This year I want to emphasize that you really have two choices. You need to use a set of lights simply to help your houseplants limp through the darkest months of Alaska winter. You have an investment, and a few weeks under lights will protect it. Anyhow, these kinds of lights are “camp lights,” because you use them to give your indoor plants a little pick-me-up.

Or you can plan on really getting into this indoor plant thing and set up a really nice lighting system under which you can do more than just maintain plants. This should be good enough to start seeds, grow some lettuce, tomatoes and petunias as well as help maintain those needy houseplants. Depending on your interest, with the right system you can specialize in orchids, grow food or re-create Hawaii.

Either way, you need a set of lights. You can order via the internet or buy locally on your next trip to where you buy hardware and bulbs. You can also go to one of the local indoor grow shops, probably your best bet. There you will get the best advice and almost anything you can buy online.

It is not just lights that you will need to take you through the winter. Don’t forget soil, labels, containers, an automatic timer and the like, all of which should come from local sources, preferably one of our fine nurseries.
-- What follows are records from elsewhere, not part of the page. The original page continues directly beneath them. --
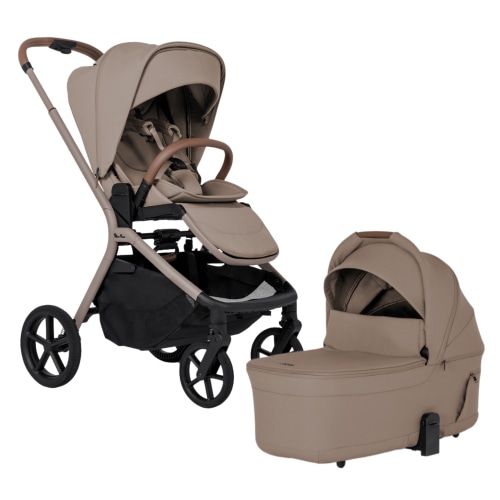 Silver Cross Breez Modular Stroller + Bassinet Bundle - Champagne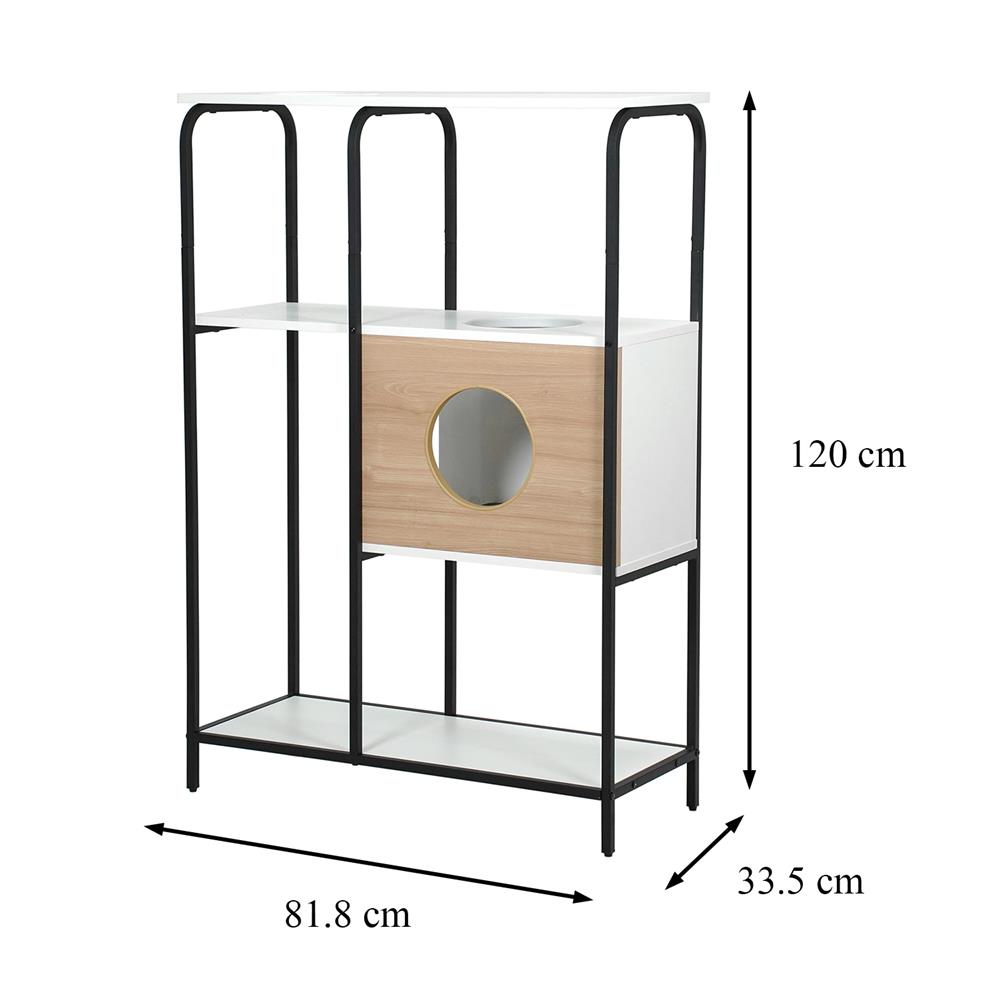 ชั้นวางของผสม 4 ชั้น FURDINI TINY GEN 1 81.8 ซม. สีธรรมชาติ/ขาว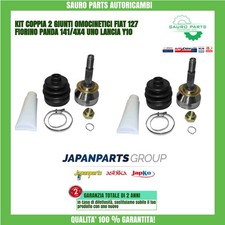 2 KIT GIUNTI OMOCINETICI DX - SX + GRASSO E FASCETTE PER FIAT PANDA 1°SERIE 141A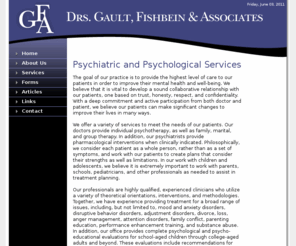 gfapsych.com: Drs. Gault, Fishbein & Associates - Psychiatric and Psychology Services
Drs. Gault, Fishbein & Associates provide psychiatric and psychological services out of Deerfield, Illinois.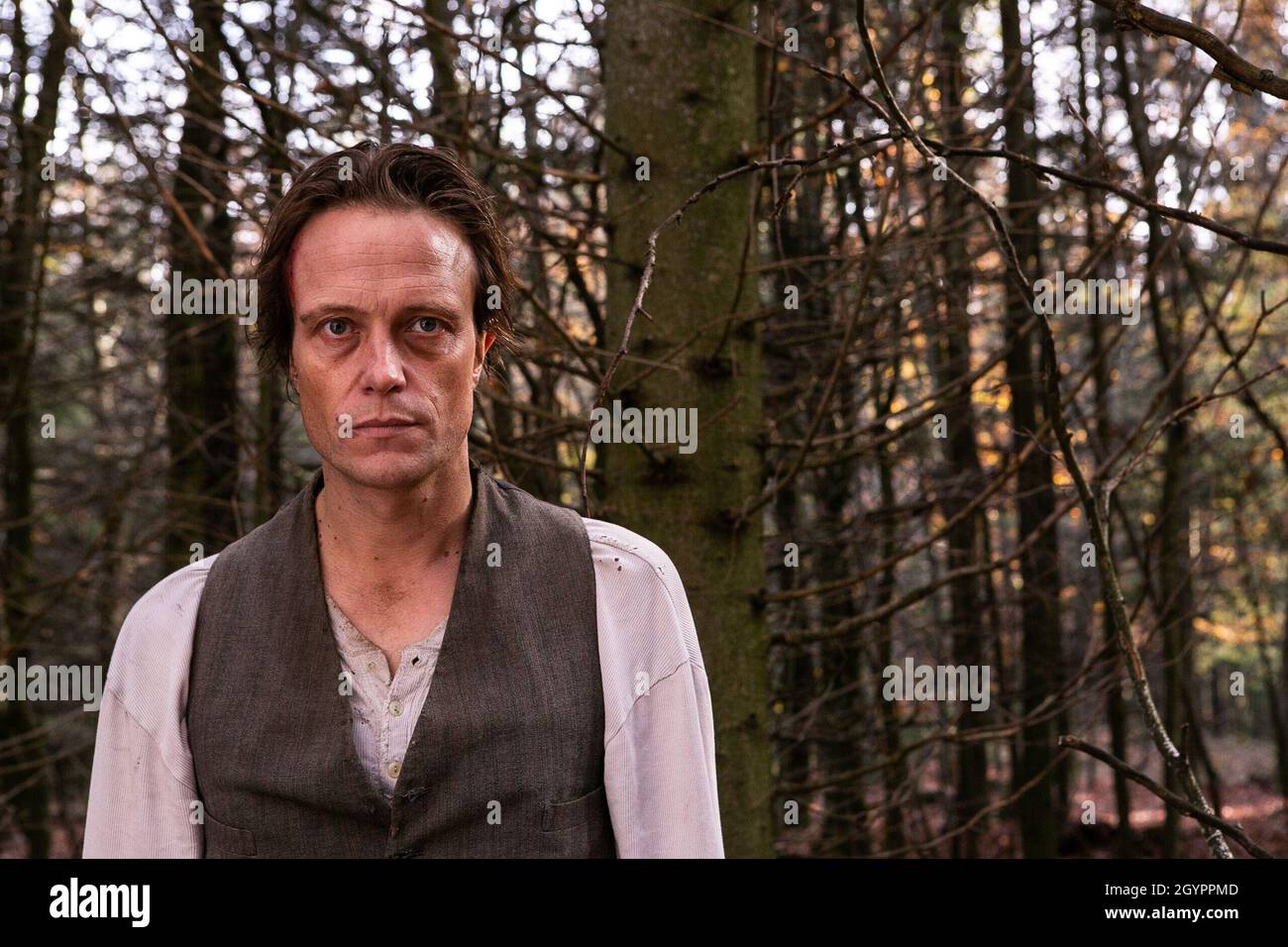 AUGUST DIEHL nel PIANO A (2021), diretto DA DORON PAZ e YOAV PAZ. Credito: FILM/album DEI CANALI UNITI Foto Stock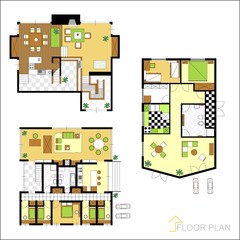 Set of ground floor blueprints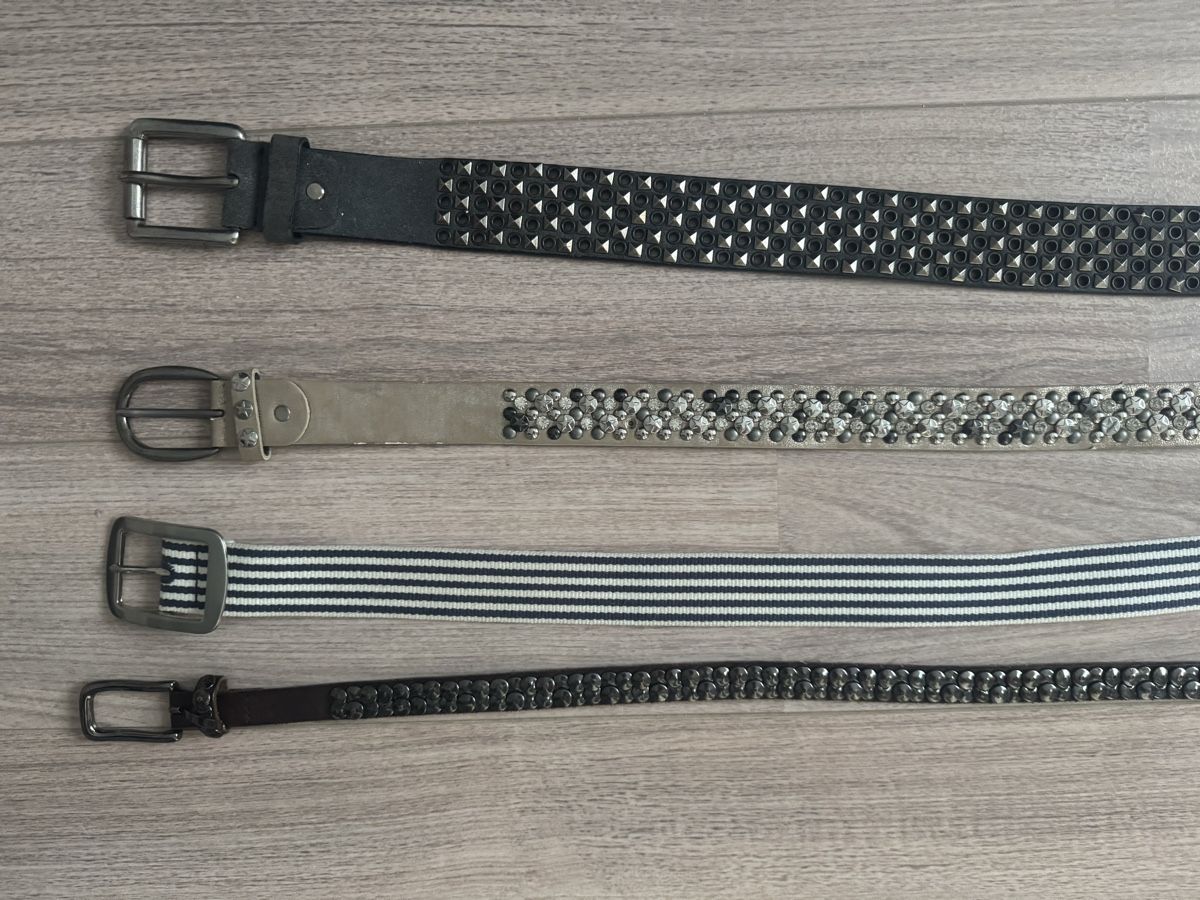 Cinture: 4 Stk. Damen Gürtel Set Gr. 85 – Usato da Bonstetten venduto da MJ45 1
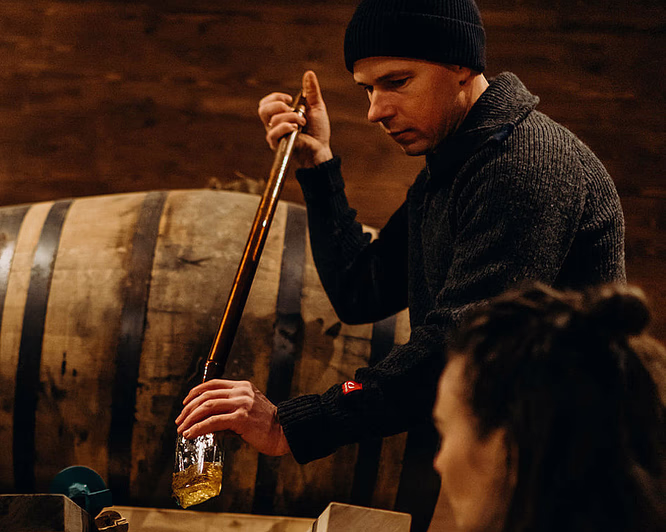 Arctic fjordcabins & destilleriomvisning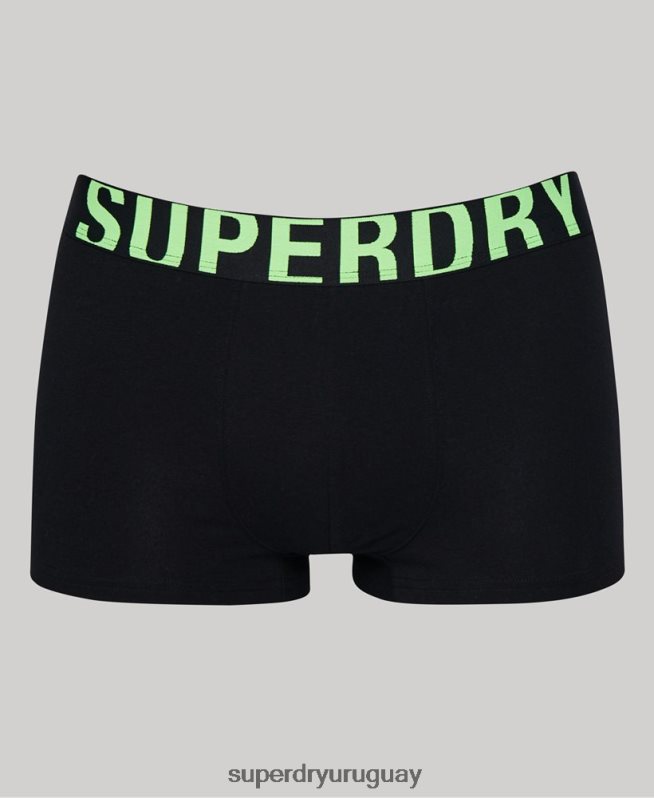 uy Superdry hombres pack doble de algodón orgánico con logo negro DT2N8Z1742 ropa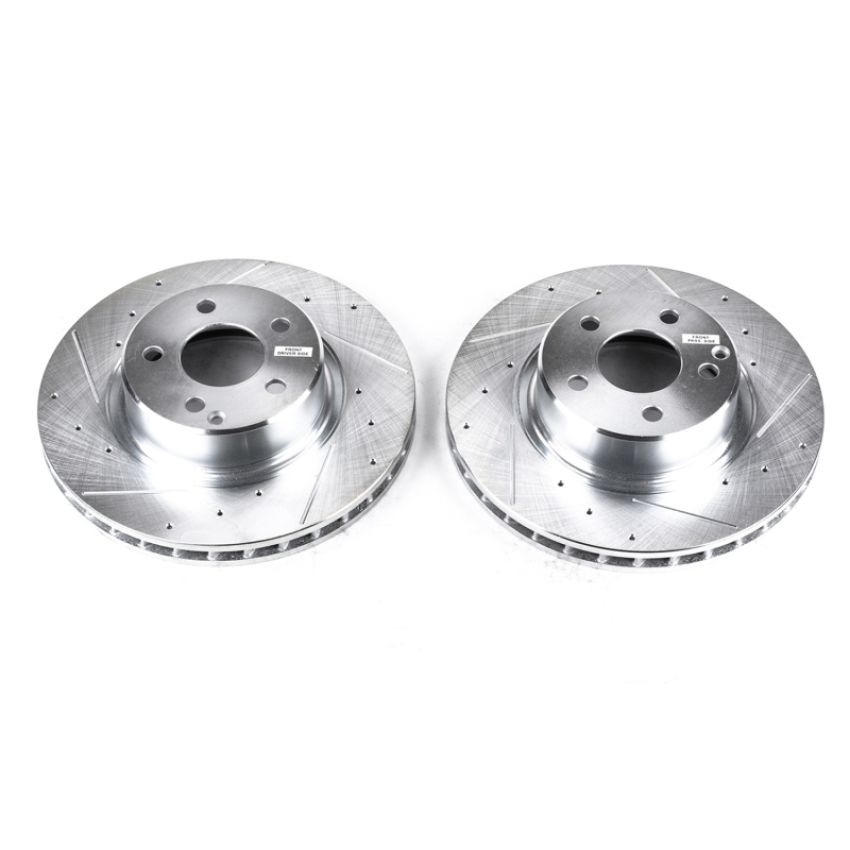 PowerStop EBR860XPR PowerStop Evolution Performance Drilled, Slotted & Plated Brake Rotor Pair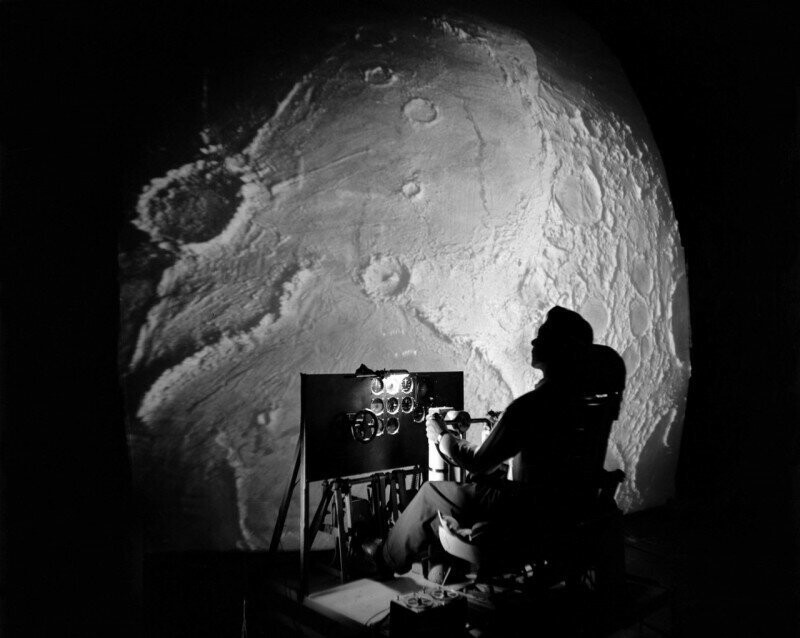 Тренажёр NASA для отработки действий во время посадки на Луну. США. 1961 год.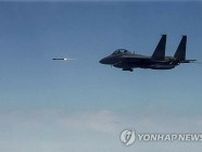 韓米空軍が黄海で射撃訓練　約９０機が参加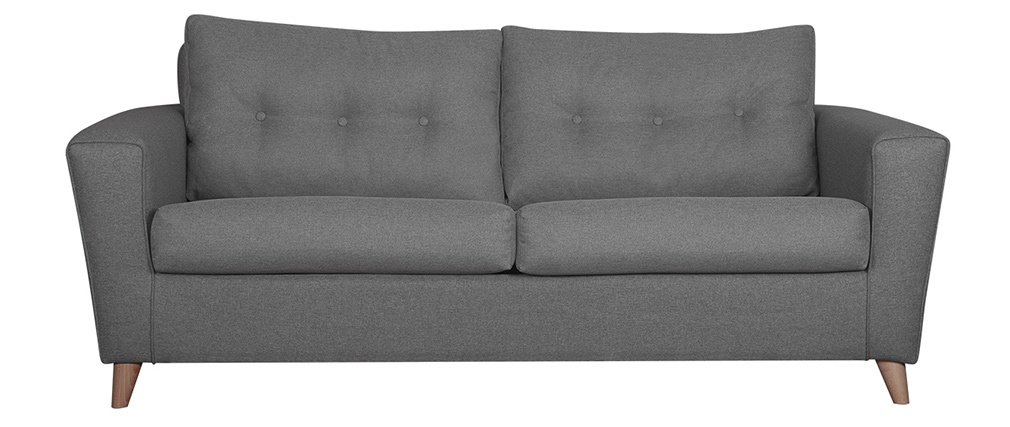 Canapé convertible scandinave gris chiné BEAUBOURG ...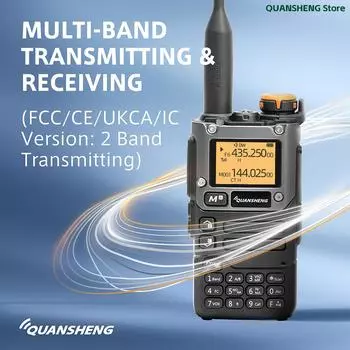 Quansheng UV K5 8 Walkie Talkie Am Fm Связь Двусторонний Радиоприемник Любительский Дальнобойный Беспроводной Набор Приемопередатчик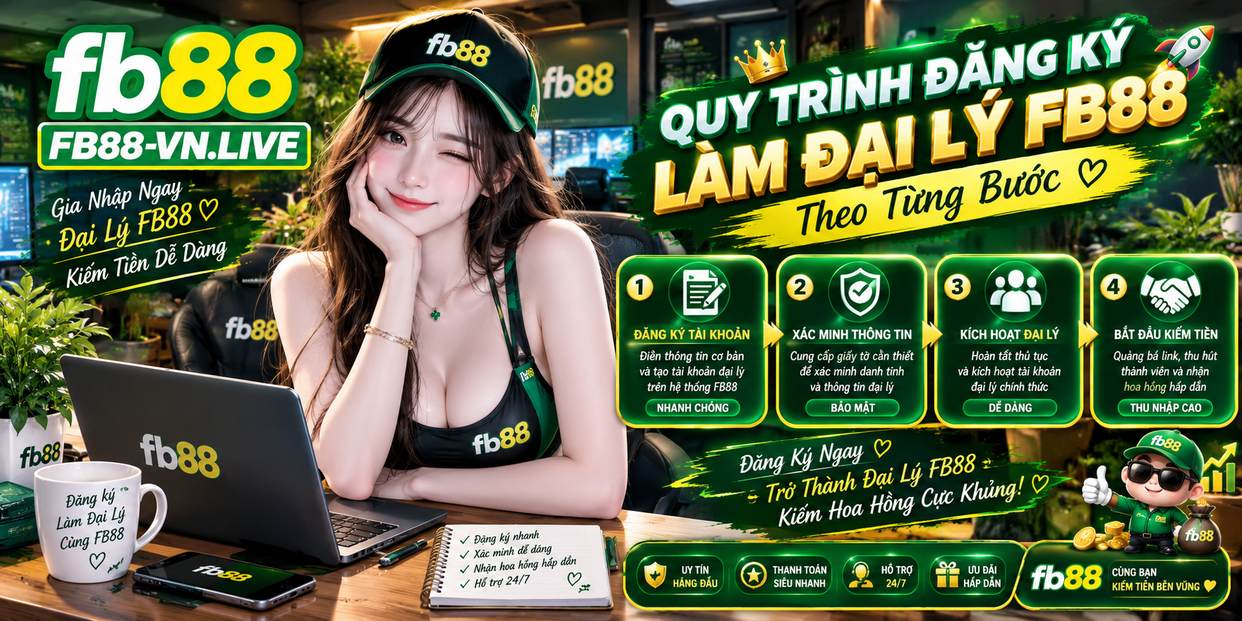 Quy Trình Đăng Ký Làm Đại Lý FB88 Theo Từng Bước
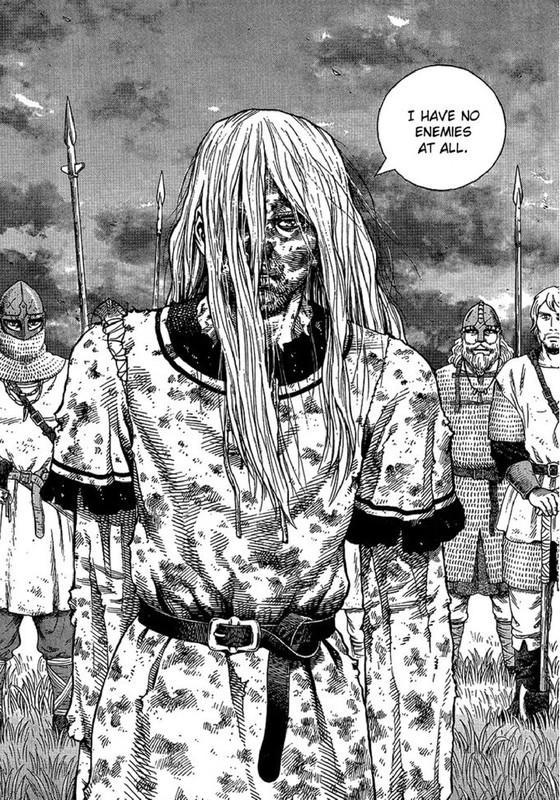 تورفین از Vinland Saga: من دشمنی ندارم، از معروف ترین پنل های مانگا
Many are going to be closing for the winter, and we want to make sure they come back next spring.

For most who are interested in growing food, herbs and flowers, LED lighting systems are the way to go. I don’t have the space here to cover the subject, so a bit of research, especially if you want to grow specialty crops indoors, is in order. Again, don’t overlook local sources.

And, before the hard frosts do come, order seeds and plants that you need. You won’t find many seed racks in Alaska now — much less in the middle of the winter — but all your favorite mail order places are shipping to Lower 48 customers who are now planting fall and winter gardens. You should, too, only yours will be indoors.

Jeff”s Alaska garden calendar

Alaska Botanical Garden: Garlic sales. Buy online, pick up at the garden, or request curbside pickup. Keep an eye out for a list of varieties.

Birch “seeds”: People are commenting on something they call birch seeds. Actually, it’s a mixture of birch seeds and what is called birch scales. Yes, there seems to be an extraordinary amount this year and it is early. Usually, this stuff is seen on snow.

Potatoes, Brussels sprouts: Wait for the first frost if you can.

Gardens: Harvest. What are you waiting for?